What is needed
Give back exactly the lines from the one holding "ダグラスファーの駐車場" to the bottom of the material, both included, and nothing more. No pictures.

Material to process
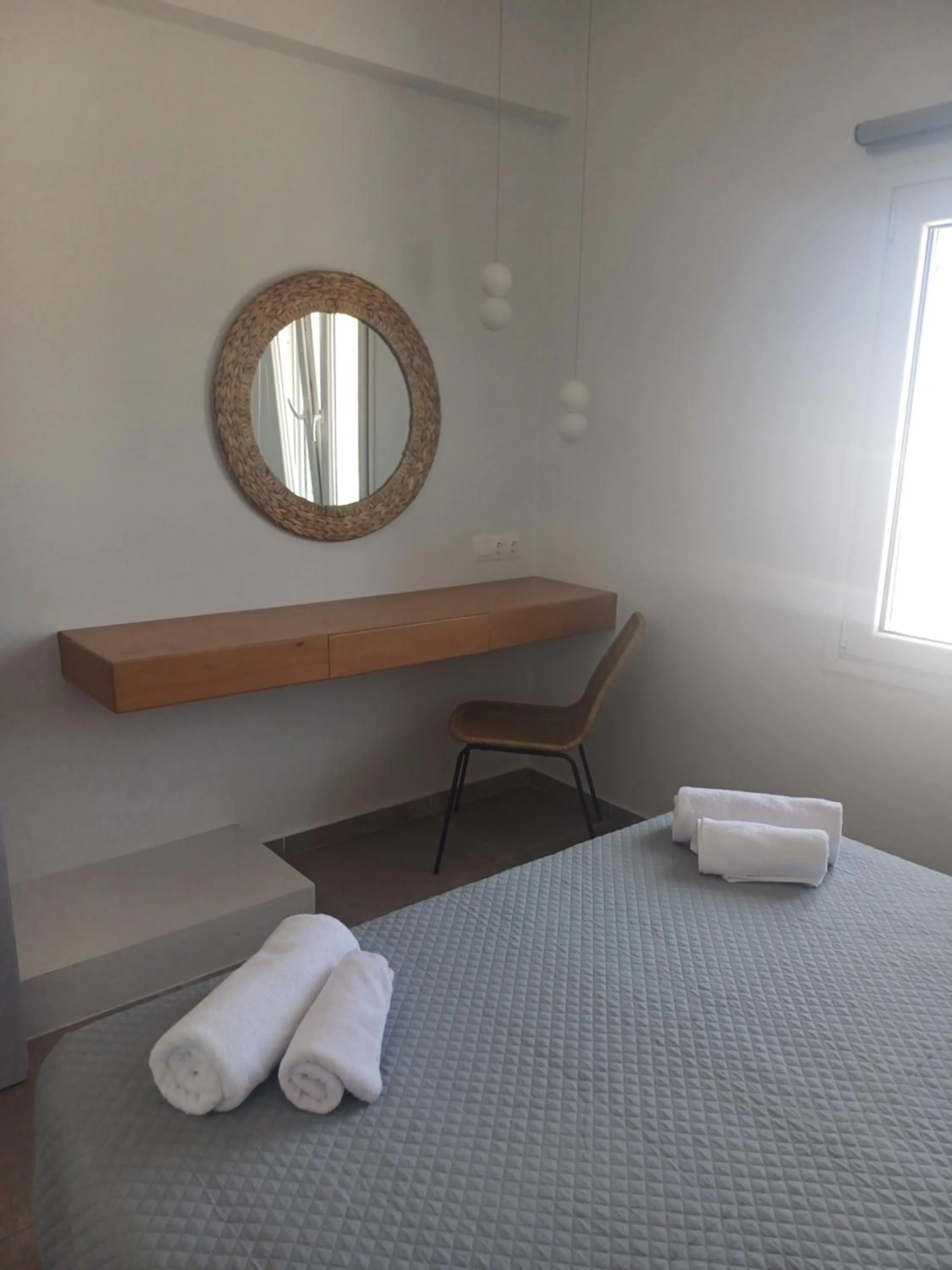 Bed in Drimoni Boutique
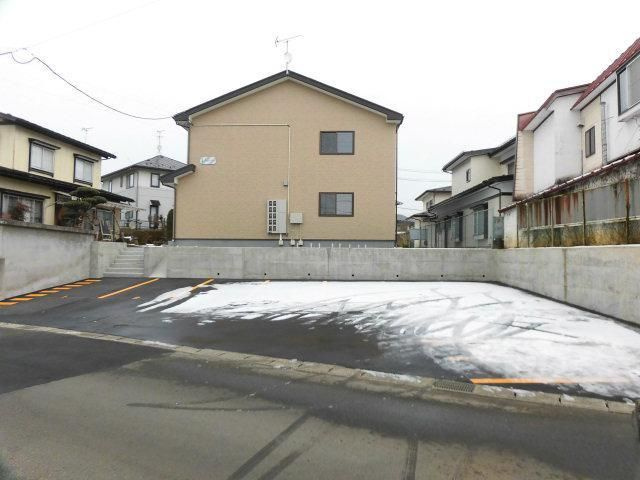 ダグラスファーの駐車場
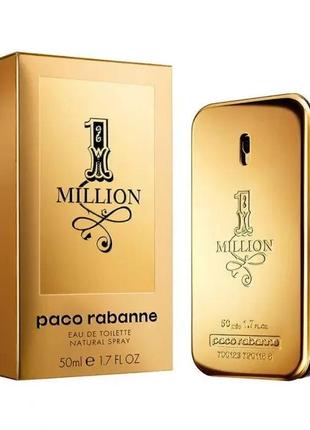 Мужские духи paco rabanne 1 million парфюмированная вода 33ml. (пако рабан один ван миллион)3 фото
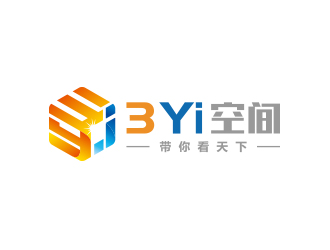 黃安悅的3 Yi 空間logo設(shè)計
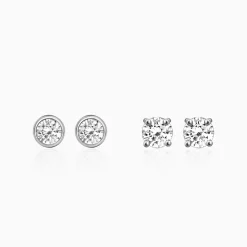 Sparkling Zircon Duo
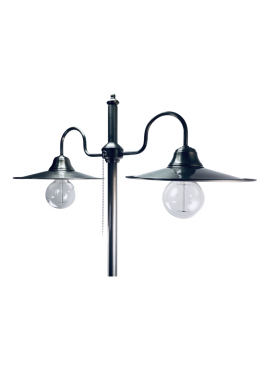 Floor lamp T53 Raw Steel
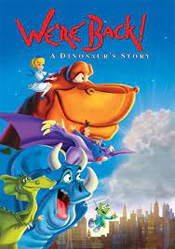 We're Back! A Dinosaur's Story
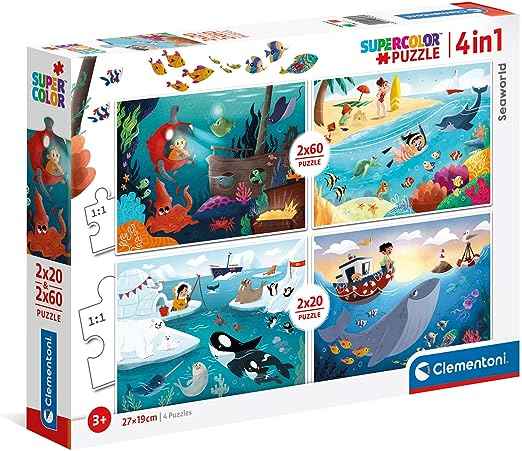 Seaworld Puzzles for Children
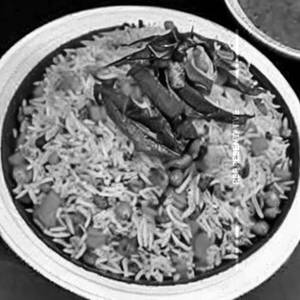 Veg Triple Rice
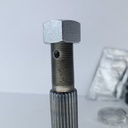 PUNTA TRIPOIDE NISSAN SENTRA B13 B14 MEXICANO MX MF 6CIL 24X25X55 - Vista 6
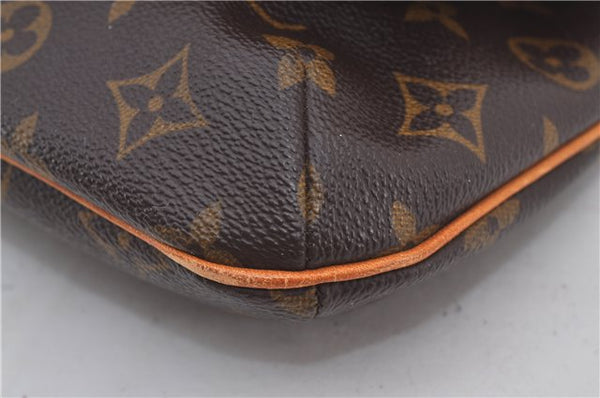 Authentic Louis Vuitton Monogram Musette Tango Shoulder Bag M51257 LV 0219F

Exercise result
 ダグラスファーの駐車場
 Мужские духи paco rabanne 1 million парфюмированная вода 33ml. (пако рабан один ван миллион)3 фото
 黃安悅的3 Yi 空間logo設(shè)計
 Sparkling Zircon Duo
 Floor lamp T53 Raw Steel
 We're Back! A Dinosaur's Story
 Seaworld Puzzles for Children
 Veg Triple Rice
 PUNTA TRIPOIDE NISSAN SENTRA B13 B14 MEXICANO MX MF 6CIL 24X25X55 - Vista 6
 Authentic Louis Vuitton Monogram Musette Tango Shoulder Bag M51257 LV 0219F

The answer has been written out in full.